[Records to use]
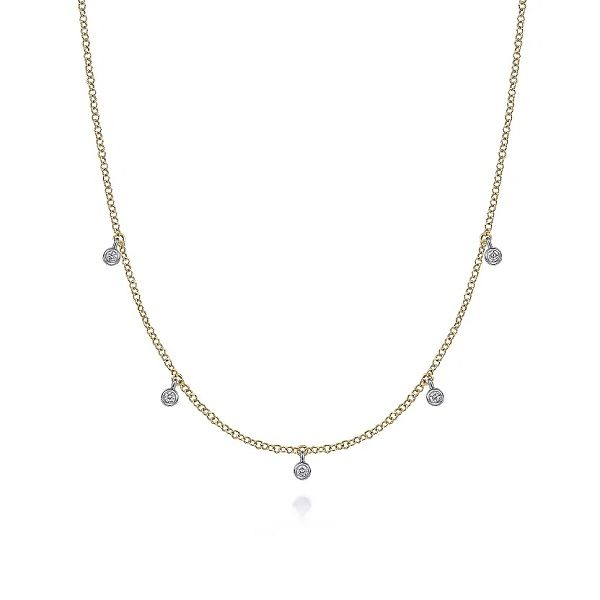 14k Yellow-White Gold Diamond Station Necklace Dickinson Jewelers Dunkirk, MD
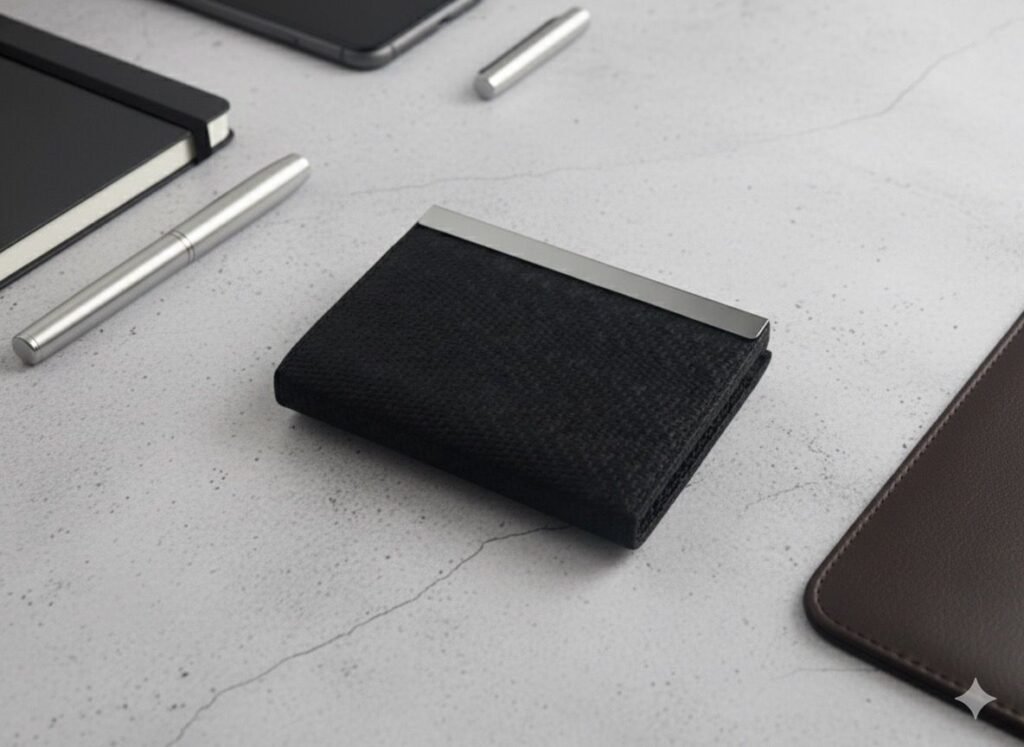 Elegant Textured Black Card Holder with Polished Silver Accent – Slim, Durable & Stylish Organizer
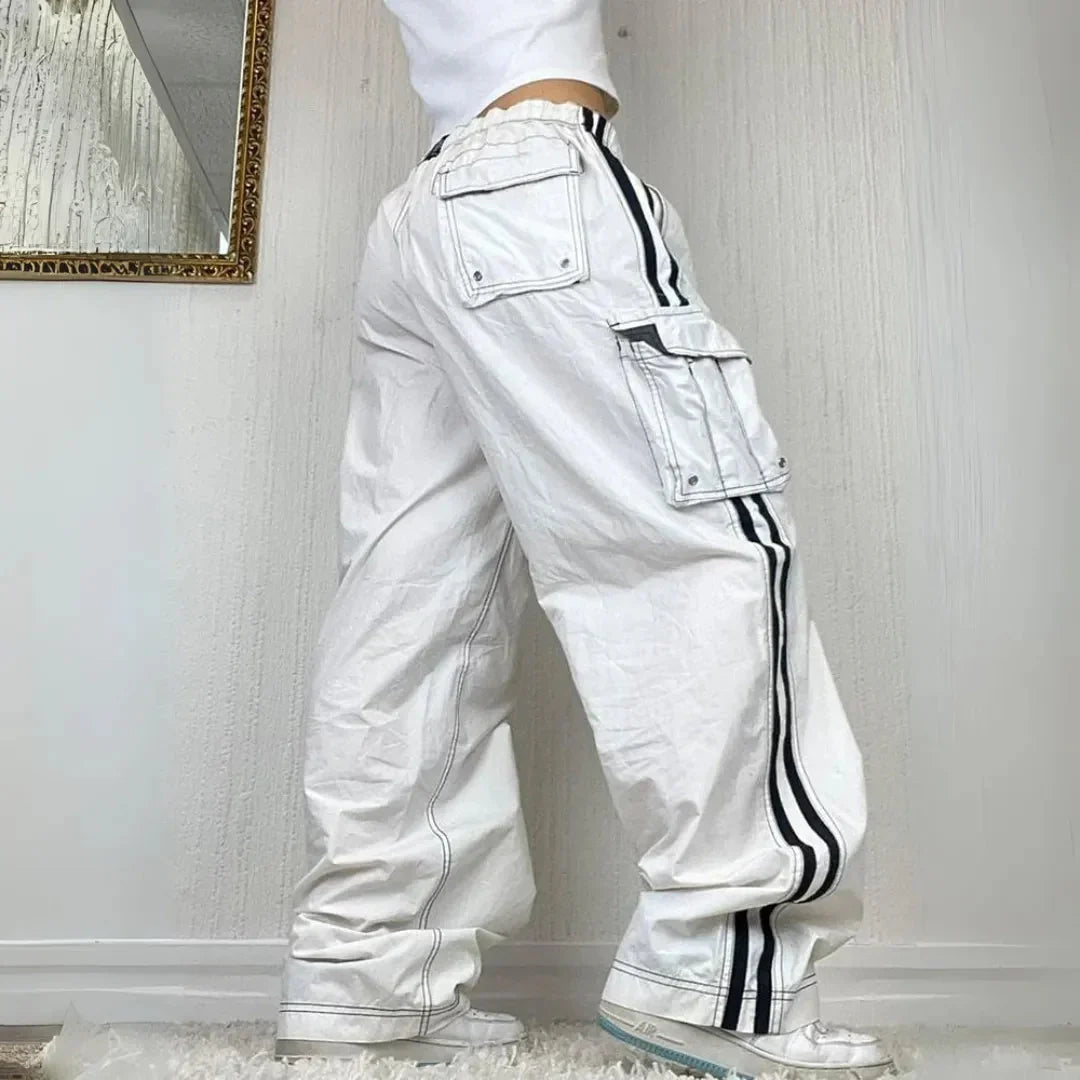 Effortless White Wide Leg Cargo Pants for Women with High Waist Drawstring Striped Relaxed Casual Style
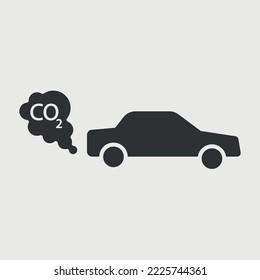 car pollution vector icon emitting carbon dioxide air pollution global warming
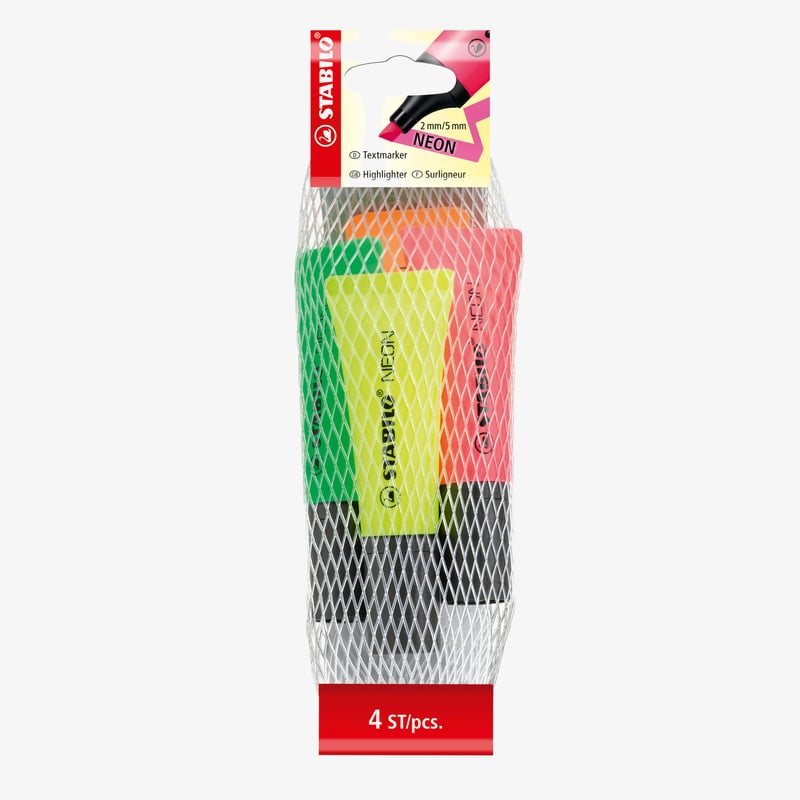 STABILO STABILO NEON Highlighter - Pack of 4 - Assorted Colours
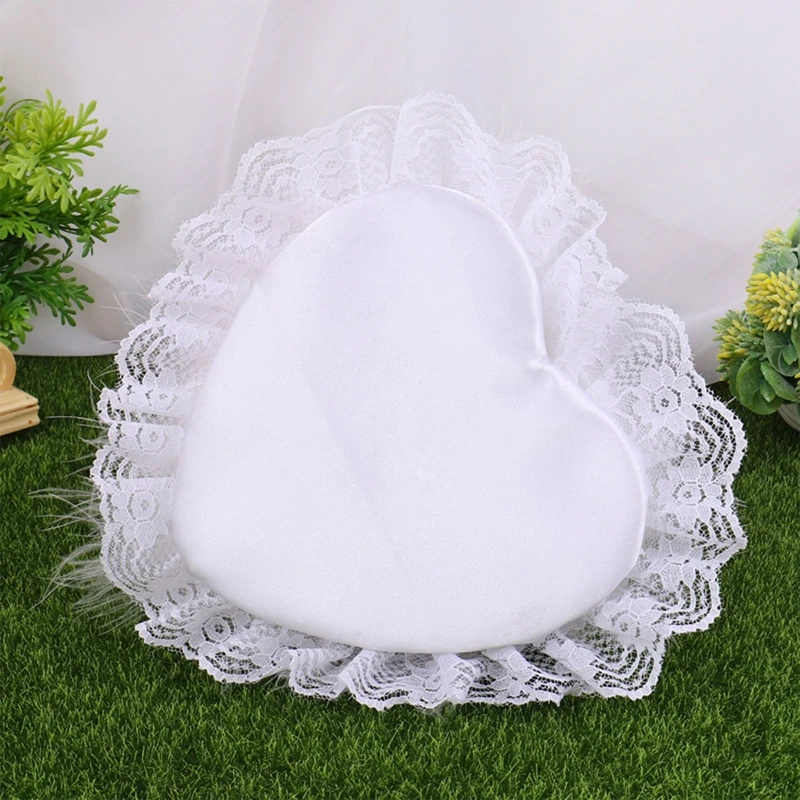 Wedding Ceremony Ring Bearer Flower Cushion Pillow with Heart Shaped Ring Box Lace Bridal Ring Pillow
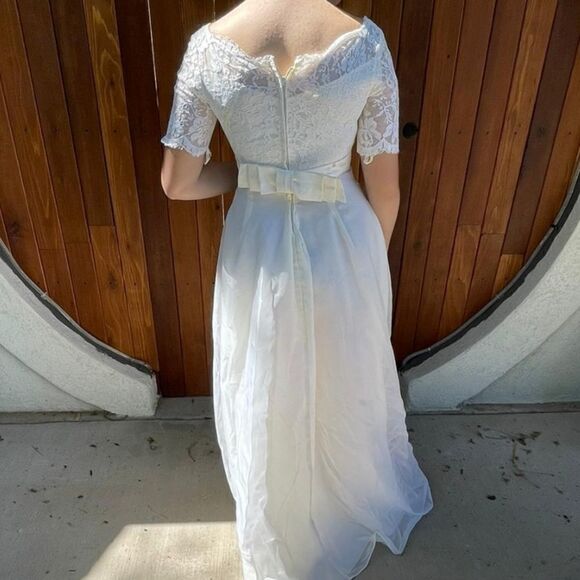 Romantic vintage 60's pretty floral lace wedding dress Union made A-line cream - Picture 4 of 14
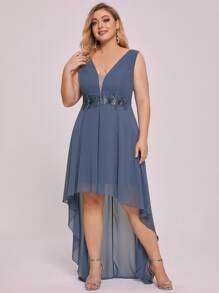 EVERPRETTY Plus Sequin Appliques Mesh Insert High Low Prom Dress - Dusty Blue - View 6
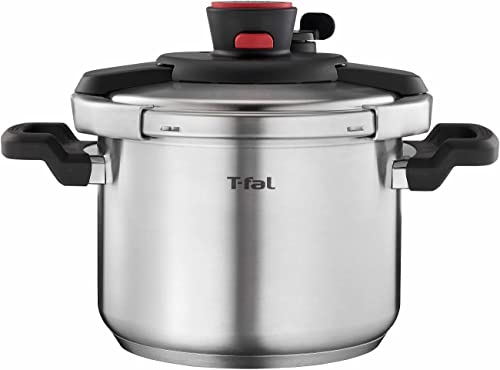 T-fal Clipso Stainless Steel Pressure Cooker 6.3 Quart Induction Cookware, Pots and Pans, Dishwasher Safe Silver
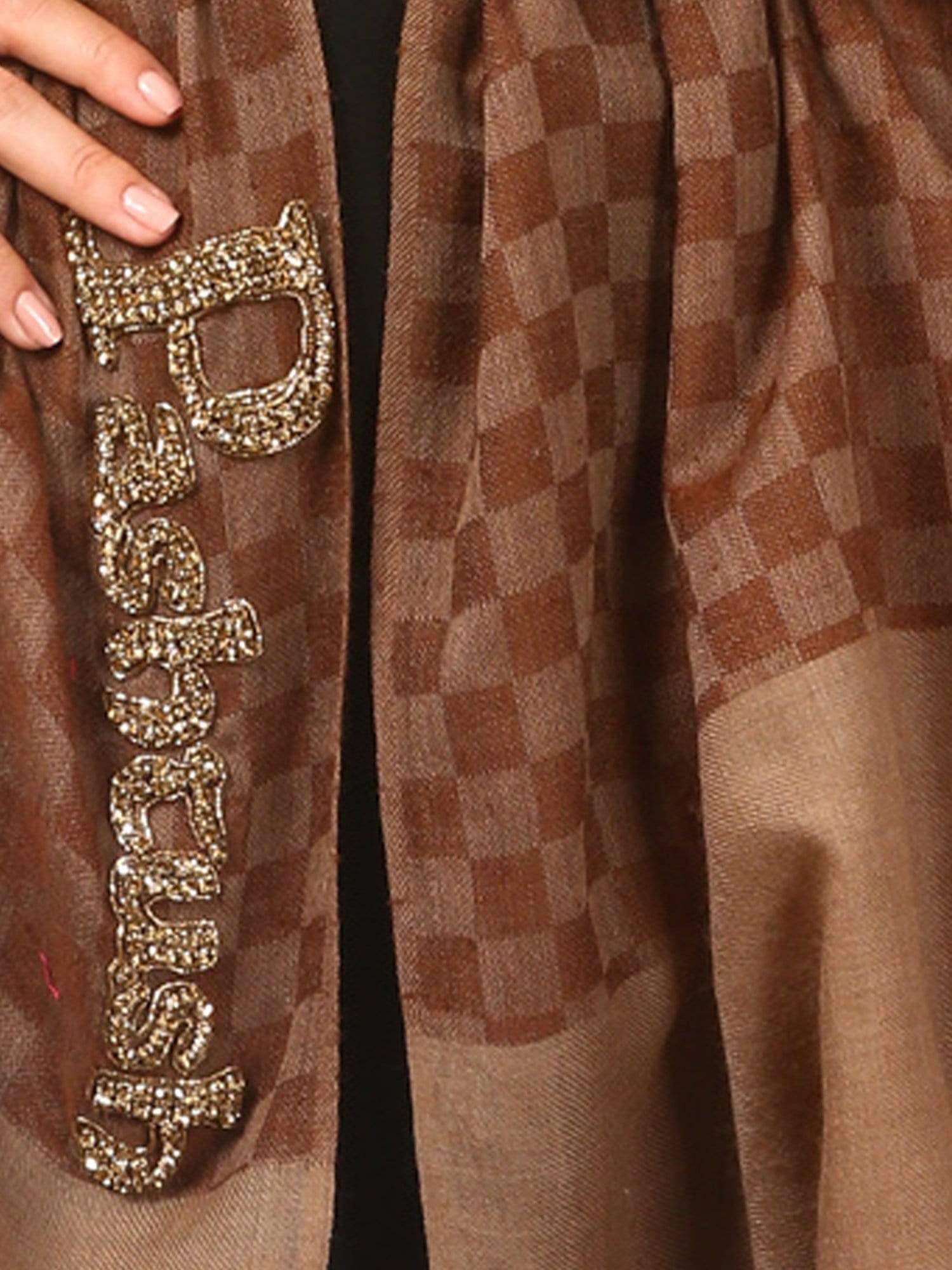 Pashtush Shawl Store Stole Pashutsh Womens Signature Pashmina Scarf with Pashtush Charm Logo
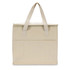 A cream cooler bag with two handles and a front pocket, featuring a simple design and a logo.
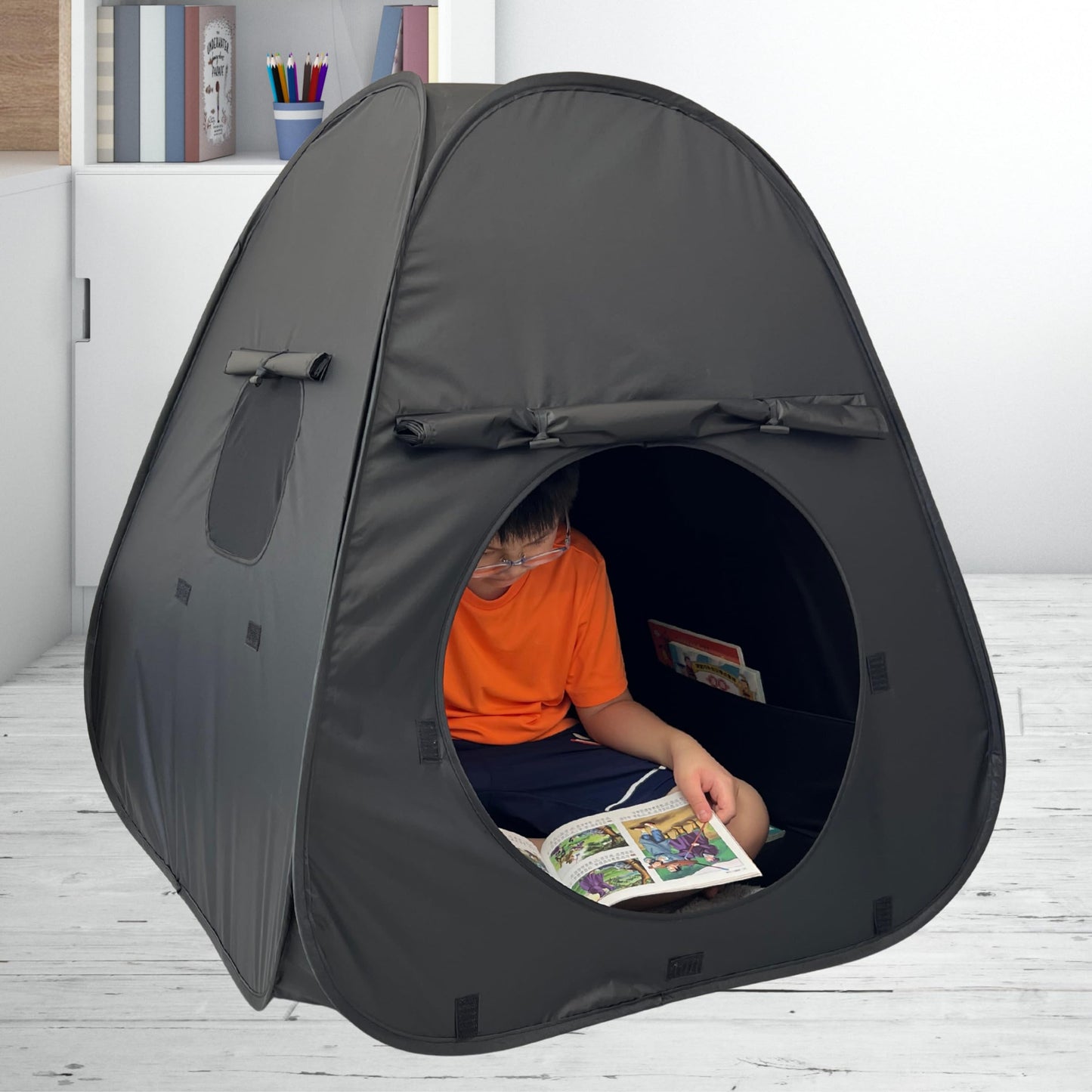 lukidoki Sensory Tent for Kids with Autism - Sensory Calm Corner Helps ADHD, SPD Children Relax, Reduce Anxiety - Portable Pop-up Blackout Hideout Play Tent Toys Add Windows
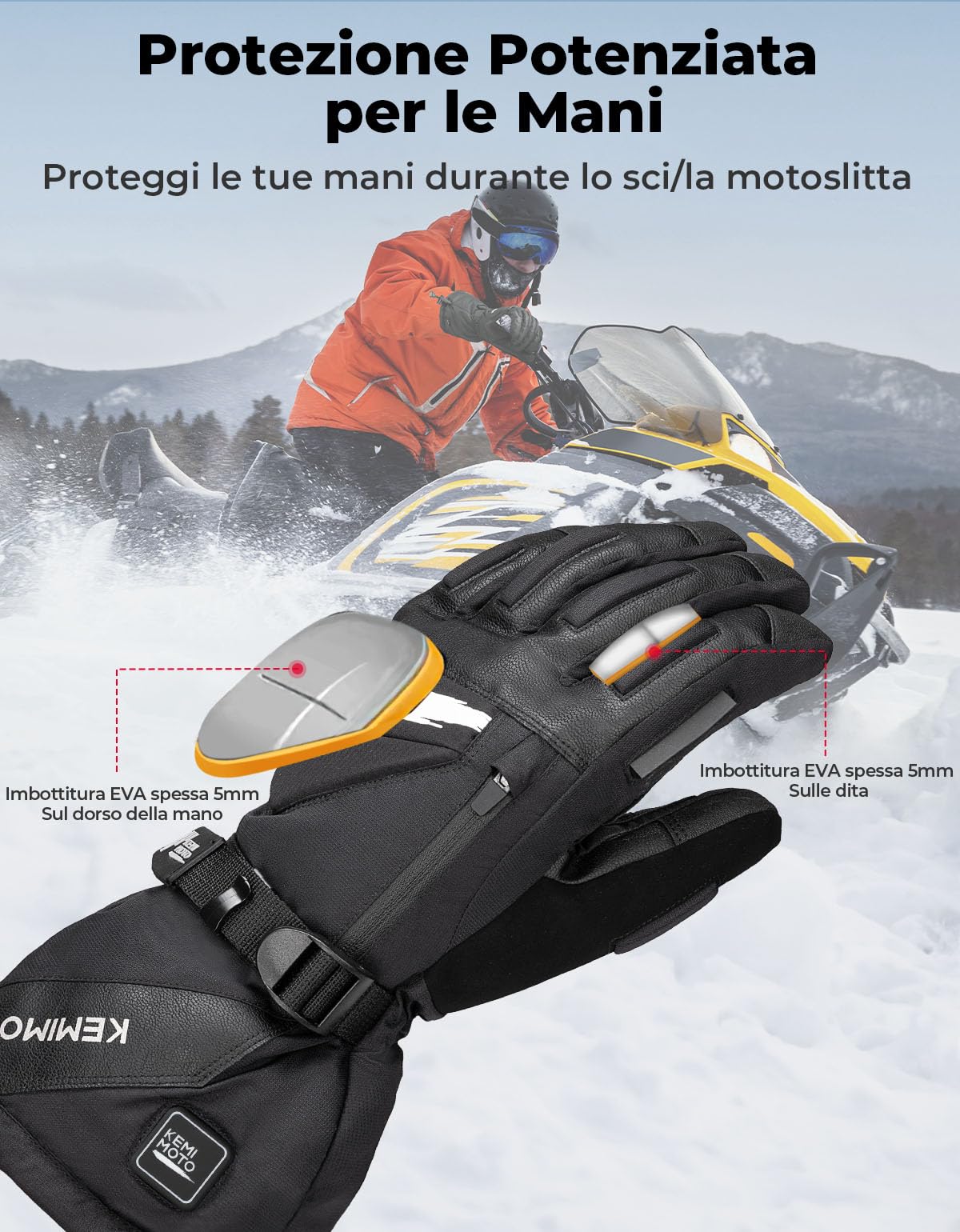 KEMIMOTO Guanti Riscaldati Uomo Donna con Protezione in EVA, Ricaricabili Guanti Invernali Termici da Sci con 7.4v 2500 mAh, Adatti da -20°C a -5°C, Ideali per Motoslitta Escursionismo Ciclismo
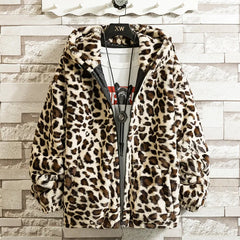 Women's Winter Jacket Warm Faux Fur Coat Leopard Print Coats Stand Collar or with Hood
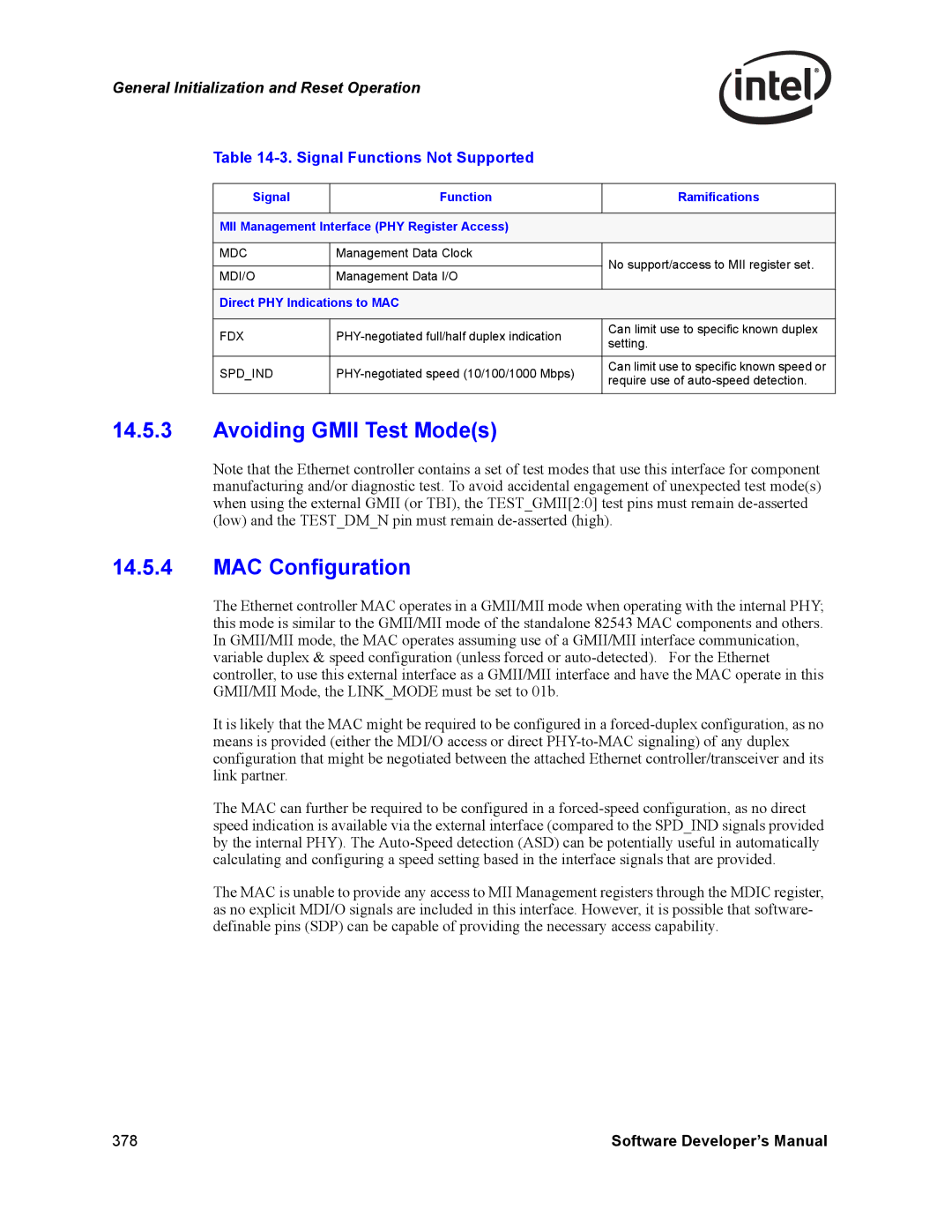 Intel Intel Gigabit Ethernet Controllers, PCI Avoiding Gmii Test Modes MAC Configuration, Signal Functions Not Supported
[/Records to use]
> [Activity]:
Output all of the entries verbatim, leaving out any images.

> [Written answer]:
 14k Yellow-White Gold Diamond Station Necklace Dickinson Jewelers Dunkirk, MD
 Elegant Textured Black Card Holder with Polished Silver Accent – Slim, Durable & Stylish Organizer
 Effortless White Wide Leg Cargo Pants for Women with High Waist Drawstring Striped Relaxed Casual Style
 car pollution vector icon emitting carbon dioxide air pollution global warming
 STABILO STABILO NEON Highlighter - Pack of 4 - Assorted Colours
 Wedding Ceremony Ring Bearer Flower Cushion Pillow with Heart Shaped Ring Box Lace Bridal Ring Pillow
 Romantic vintage 60's pretty floral lace wedding dress Union made A-line cream - Picture 4 of 14
 EVERPRETTY Plus Sequin Appliques Mesh Insert High Low Prom Dress - Dusty Blue - View 6
 T-fal Clipso Stainless Steel Pressure Cooker 6.3 Quart Induction Cookware, Pots and Pans, Dishwasher Safe Silver
 Pashtush Shawl Store Stole Pashutsh Womens Signature Pashmina Scarf with Pashtush Charm Logo
 A cream cooler bag with two handles and a front pocket, featuring a simple design and a logo.
 lukidoki Sensory Tent for Kids with Autism - Sensory Calm Corner Helps ADHD, SPD Children Relax, Reduce Anxiety - Portable Pop-up Blackout Hideout Play Tent Toys Add Windows
 KEMIMOTO Guanti Riscaldati Uomo Donna con Protezione in EVA, Ricaricabili Guanti Invernali Termici da Sci con 7.4v 2500 mAh, Adatti da -20°C a -5°C, Ideali per Motoslitta Escursionismo Ciclismo
 Women's Winter Jacket Warm Faux Fur Coat Leopard Print Coats Stand Collar or with Hood
 Intel Intel Gigabit Ethernet Controllers, PCI Avoiding Gmii Test Modes MAC Configuration, Signal Functions Not Supported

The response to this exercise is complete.